MySQL Group By Seven Days

If we have a daily expense table like

+------+------------+
| cost | date       |
+------+------------+
|   44 | 2010-07-30 |
|   39 | 2010-07-31 |
|   18 | 2010-08-01 |
|   71 | 2010-08-02 |
|   69 | 2010-08-03 |
|   62 | 2010-08-04 |
|   89 | 2010-08-05 |
|   72 | 2010-08-06 |
|   46 | 2010-08-07 |
|   23 | 2010-08-08 |
+------+------------+

its very easy to show monthly aggregation. Just a group by clause on date column based on month will do the job

SELECT	SUM(cost) AS total, MONTHNAME(date) AS month 
FROM daily_expense 
GROUP BY month 
ORDER BY MONTH(date);
+-------+-----------+
| total | month		|
+-------+-----------+
|    83 | July      |
|  1641 | August    |
|   554 | September |
+-------+-----------+

Now what we do when its been asked to show weekly aggregation. Using MySQL WEEK function returns the number of the week number of the date. By default the start of the week is Sunday or Monday based on the Server System Variables. Otherwise it can be set while using the function itself. So the query

SELECT	SUM(cost) AS total, CONCAT(date, ' - ', date + INTERVAL 6 DAY) AS week
FROM daily_expense
GROUP BY WEEK(date)
ORDER BY WEEK(date)

gives something like

+-------+-------------------------+
| total | week                    |
+-------+-------------------------+
|    83 | 2010-07-31 - 2010-08-06 |
|   427 | 2010-08-07 - 2010-08-13 |
|   345 | 2010-08-14 - 2010-08-20 |
|   389 | 2010-08-21 - 2010-08-27 |
|   318 | 2010-08-28 - 2010-09-03 |
|   404 | 2010-09-04 - 2010-09-10 |
|   272 | 2010-09-11 - 2010-09-17 |
|    40 | 2010-09-13 - 2010-09-19 |
+-------+-------------------------+

Till now its fairly straightforward and simple. Unfortunately it does not remain so when the same weekly aggregation has to be done but on different start day of the week, other than Sunday or Monday. Is there any option in MySQL to specify different start day of a week? I couldn’t find it, but if anybody knows anything like this please let me know by putting a comment here.
But I couldn’t wait till someone finds a easier way & let me know how. I have my own solution.

The thought
To get any aggregated data from a table we have to use the Group By clause on that field. In our case the field is the day name of a day of a week, like Wednesday, lets say in our case. My plan is to do some kind of operation on all the day up to next Wednesday. This function will change those next days into something similar to Wednesday. Similarly, another function will change last weekdays (like Tuesday, Monday) up to last Wednesday into something similar and unique to the last Wednesday.

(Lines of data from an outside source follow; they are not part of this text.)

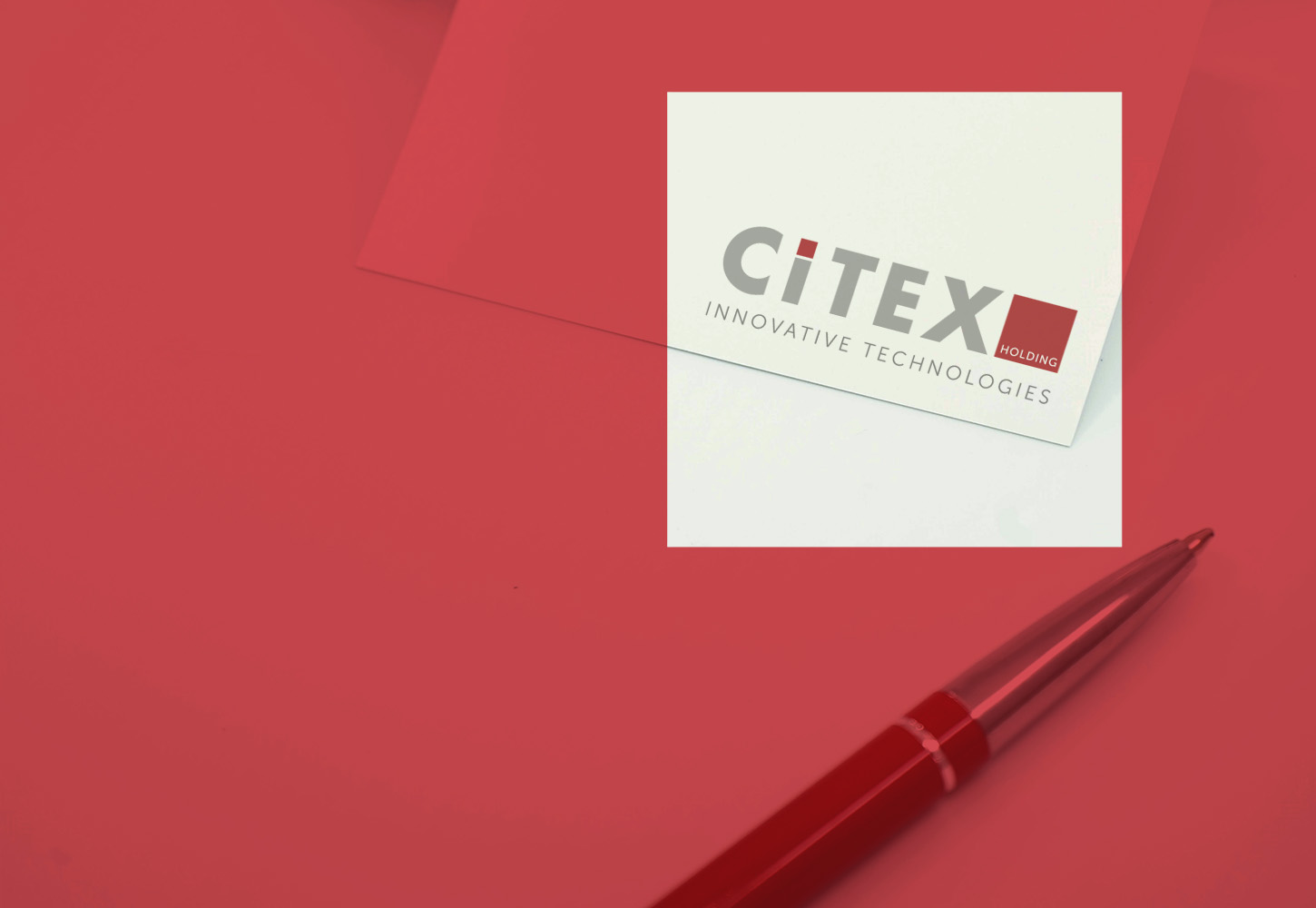 Nahaufnahme eines Kugelschreibers und Visitenkarte mit Citex-Branding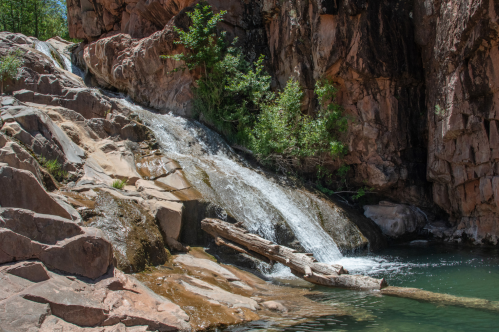 view of a waterfall down a sloping rock into a pool below at water wheel falls in arizona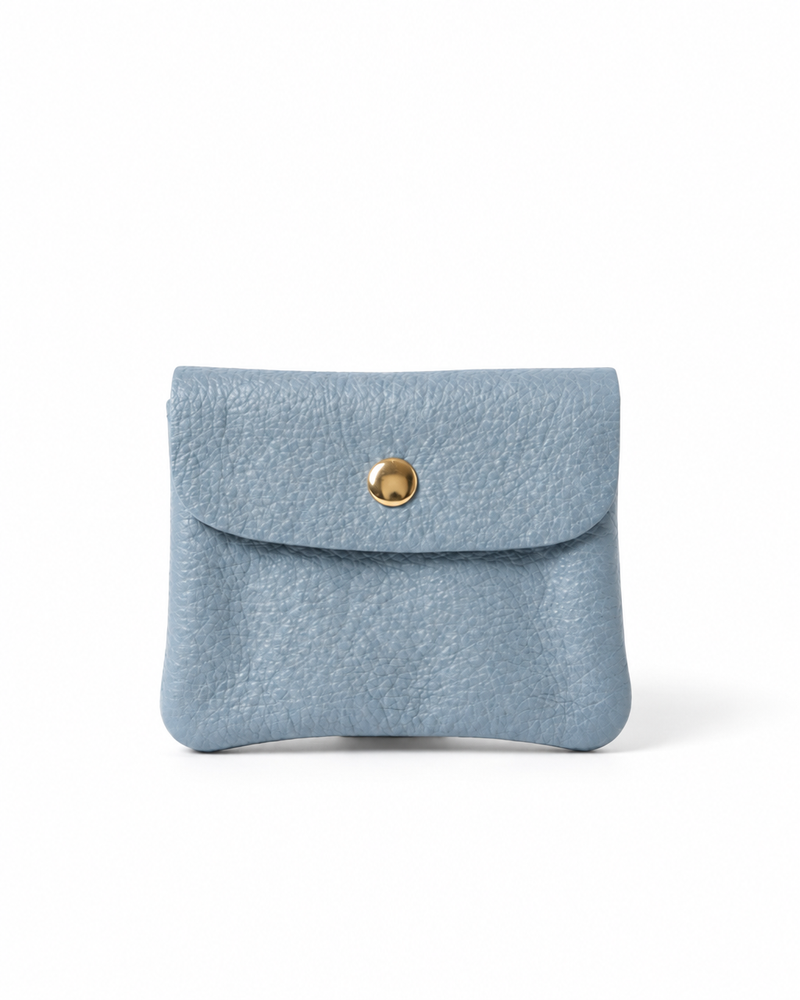 Light Blue pebble leather wallet collection featuring Mini Coin Wallet, Coin Wallet, and Cellphone Wallet in genuine leather, made in Italy.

Now, what is uniqueness of Wednesday which can be treated logically !! The first thing came to my mind is the day number of the week. MySQL WEEKDAY function gives a number for each day corresponding to the position of the day in a week. Like 2 is for Wednesday. If we use some function to make all other days as 2, we will ed up having all the day in a year as 2.
So, what is the uniqueness of each Wednesday from the other!, across the time! Here MySQL have another function named TO_DAYS. This function gives a unique number for each day since year 0. Now, my plan is to create some operations which for each day gives the same number equals to its previous Wednesday. So from one Wednesday to the next the number remains same and I can apply Group By clause over them to get an weekly aggregation.

The execution
I have an array of weekdays where Monday is 0 & Sunday is 6, same as the WEEKDAY function in MySQL.

$weekArr = array(
			'Monday' => 0,
			'Tuesday' => 1,
			'Wednesday' => 2,
			'Thursday' => 3,
			'Friday' => 4,
			'Saturday' => 5,
			'Sunday' => 6);

So given the weekday, which should be considered as the start day of a week, I can get a number (2 for Wednesday). All the date following it till Sunday has the weekday greater than current Wednesday. So I subtract the day difference between the day and the current Wednesday from the TO_DAYS of the day to make it same as the TO_DAYS of the current Wednesday. I do something like

$startWeekDay = $weekArr['Wednesday']; //2
TO_DAYS(date) - (WEEKDAY(date) - ".$startWeekDay.")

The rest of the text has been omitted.